Media Ignore Obama's Catholic School Gaffe in Ireland

The mainstream media in the United States have ignored comments made by President Barack Obama during his a speech in Northern Ireland this week in which he described religious education as a source of conflict.

The president’s comments have sparked widespread controversy and criticism in the Irish media, as well as in Catholic media in the U.S., but the mainstream media have ignored Obama’s contentious remarks.

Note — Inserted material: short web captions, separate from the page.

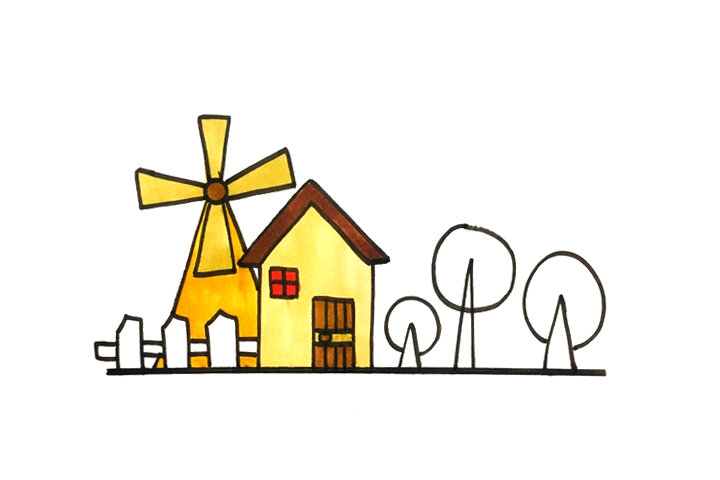 风车风景简笔画画法步骤-图5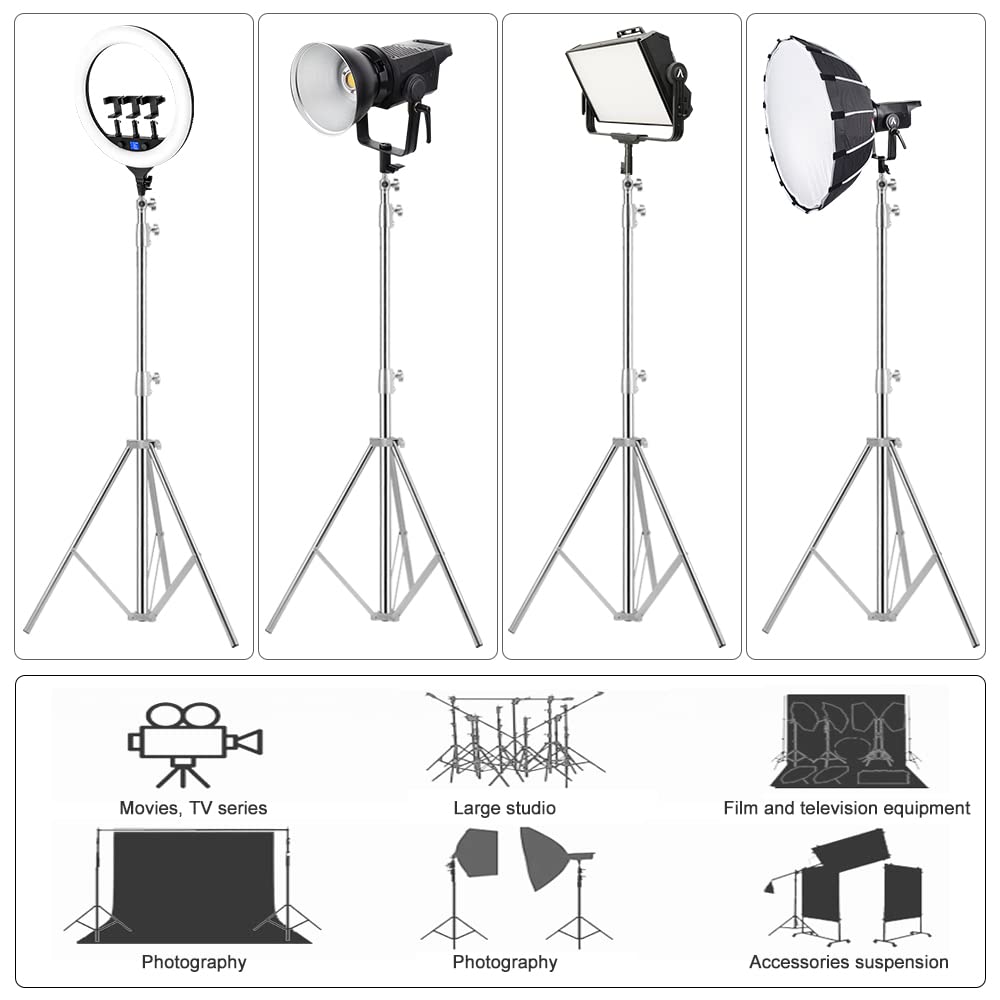 Professional 9.19ft Heavy Duty Light Stand Tripod - 2.8m Adjustable Stainless Steel Photography Stand for Softbox, Speedlight, Strobe & Umbrella - Perfect for Studio, Portrait & Outdoor Photography (Pack of 2)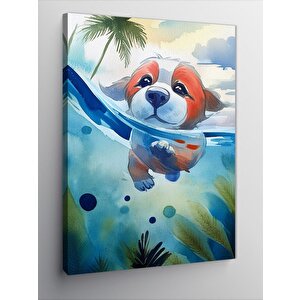 Kanvas Tablo Yüzen Köpek 70x100 cm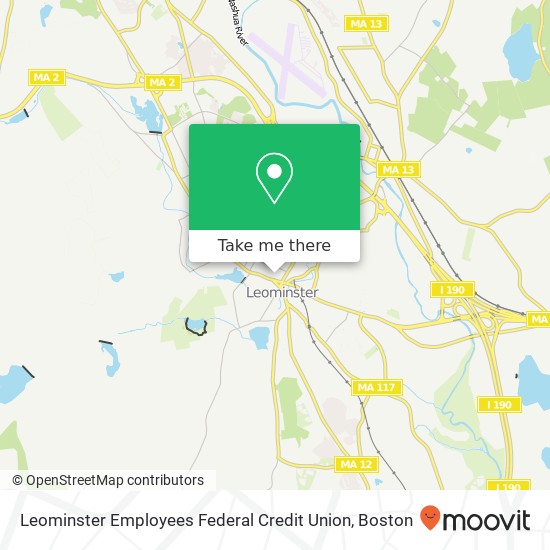 Mapa de Leominster Employees Federal Credit Union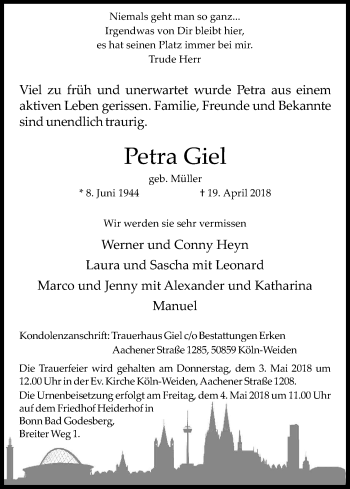 Anzeige von Petra Giel von Kölner Stadt-Anzeiger / Kölnische Rundschau / Express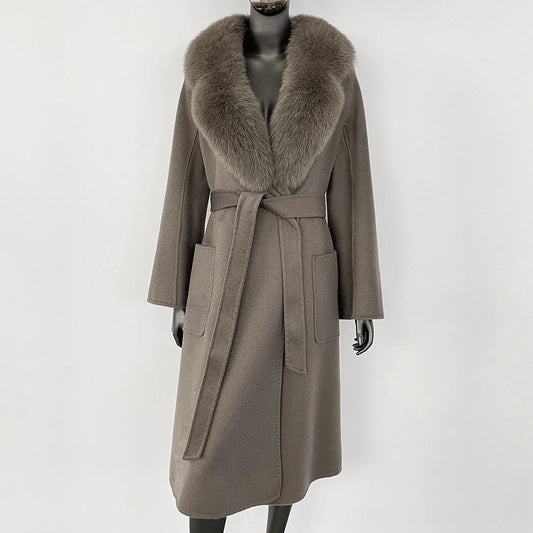 GENHUA 2025 New Casual Fur Coat for Ladies Winter Wool Long Fur Ladies Natural Real Fox Fur Collar Jacket for Ladies Warm Coat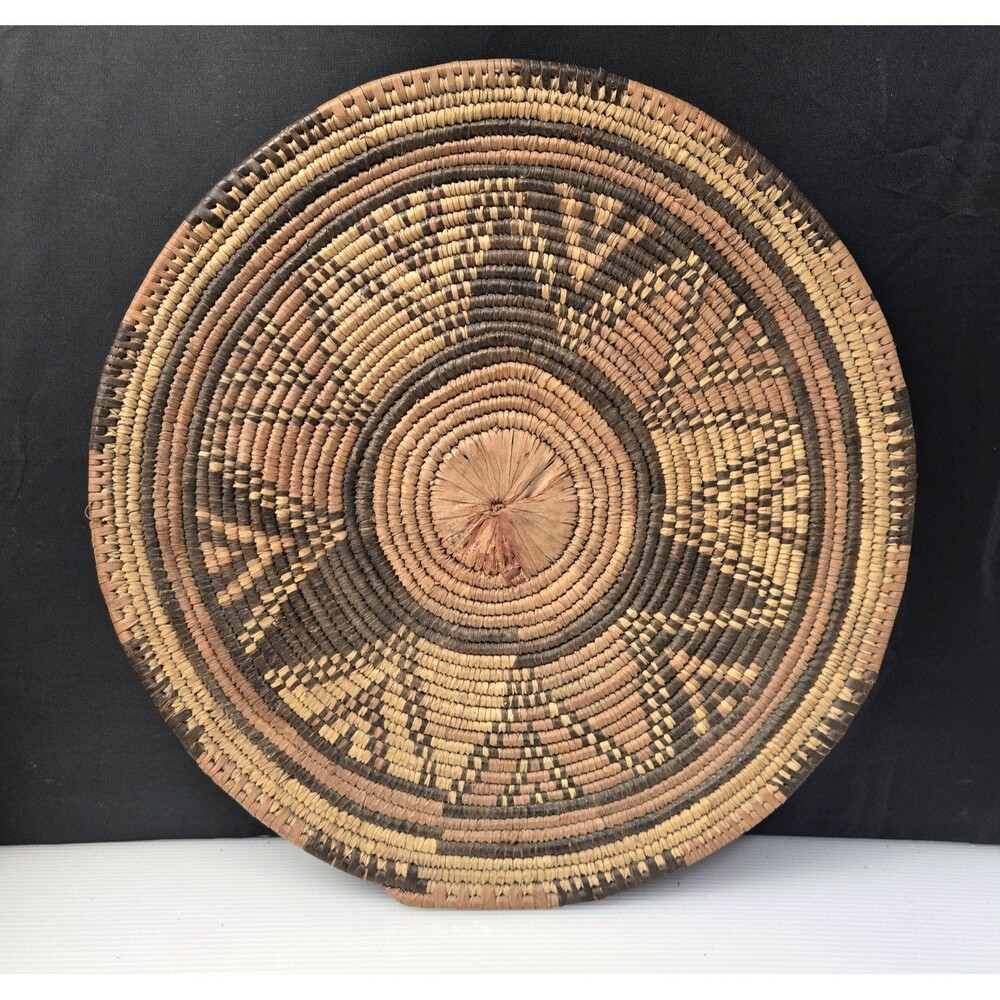 African Hand Woven Coiled Flat Basket Tray Geometric Vintage 12.5"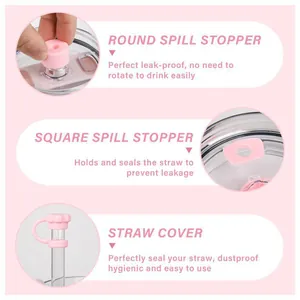 Pink silicone spill-proof stopper set and straw cover for 30oz and 40oz tumblers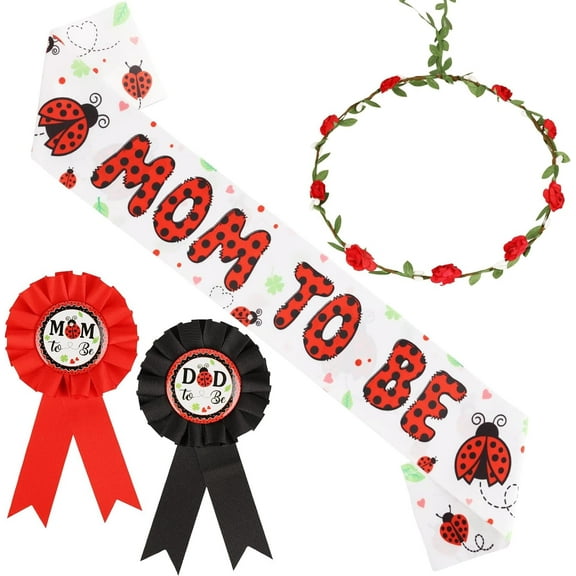 Ladybug Baby Shower Decorations, Ladybug Party Favors Mom to Be Sash, Red Black Ladybug Mom Dad to Be Button Pin, Red Flower Crown Headband for Fancy Ladybug Birthday Party Decorations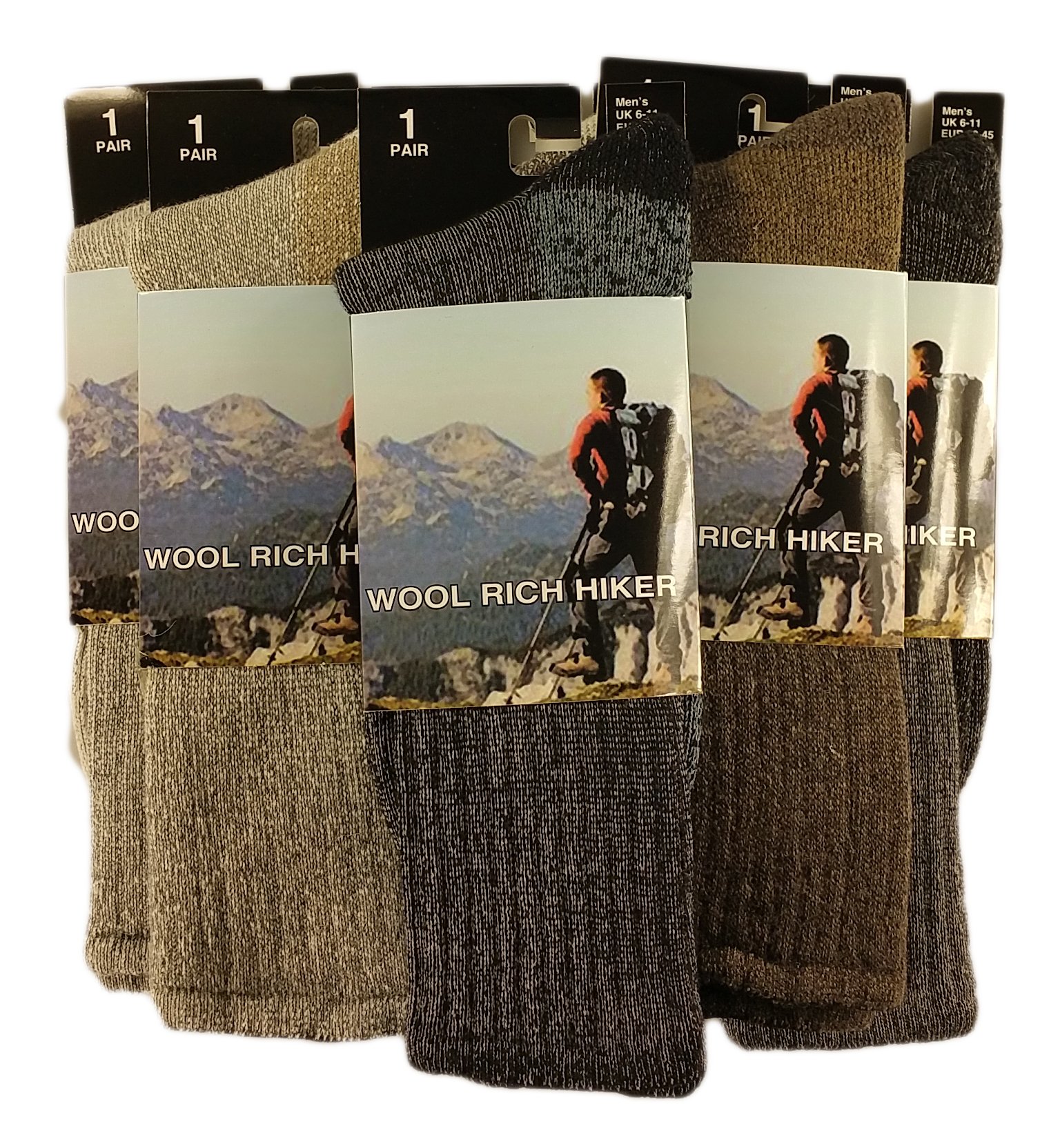 Sock Stack 3 Pairs Of Mens Wool Hike Trekking Socks Thick Chunky Walking Work Boot Sock Outdoor Padded Anti Blister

Obama, who attended an elite private high school, told an audience in Belfast on Monday [emphasis added]:

Because issues like segregated schools and housing, lack of jobs and opportunity — symbols of history that are a source of pride for some and pain for others — these are not tangential to peace; they’re essential to it.  If towns remain divided — if Catholics have their schools and buildings, and Protestants have theirs — if we can’t see ourselves in one another, if fear or resentment are allowed to harden, that encourages division.  It discourages cooperation.

Catholic media have interpreted the remarks as an attack on religious education itself, and Catholic education in particular. The mainstream media, which seized on every remark made by Republican presidential nominee Mitt Romney during his 2012 international trip as a near-disqualifying “gaffe,” have been entirely silent.

While gaffes are usually defined as extemporaneous, off-the-cuff errors or poorly judged statements, Obama’s remarks were planned in advance. The “gaffe” in Obama’s Belfast remarks lies in the fact that Obama did not consider the sensitivities of his audience–or that he inadvertently revealed his own anti-religious prejudice.

To travel to a city troubled by conflict, and to then insult the members of at least one of the two communities, is not only a gaffe, but a serious diplomatic error. 

Unless, of course, the speaker is President Barack Obama.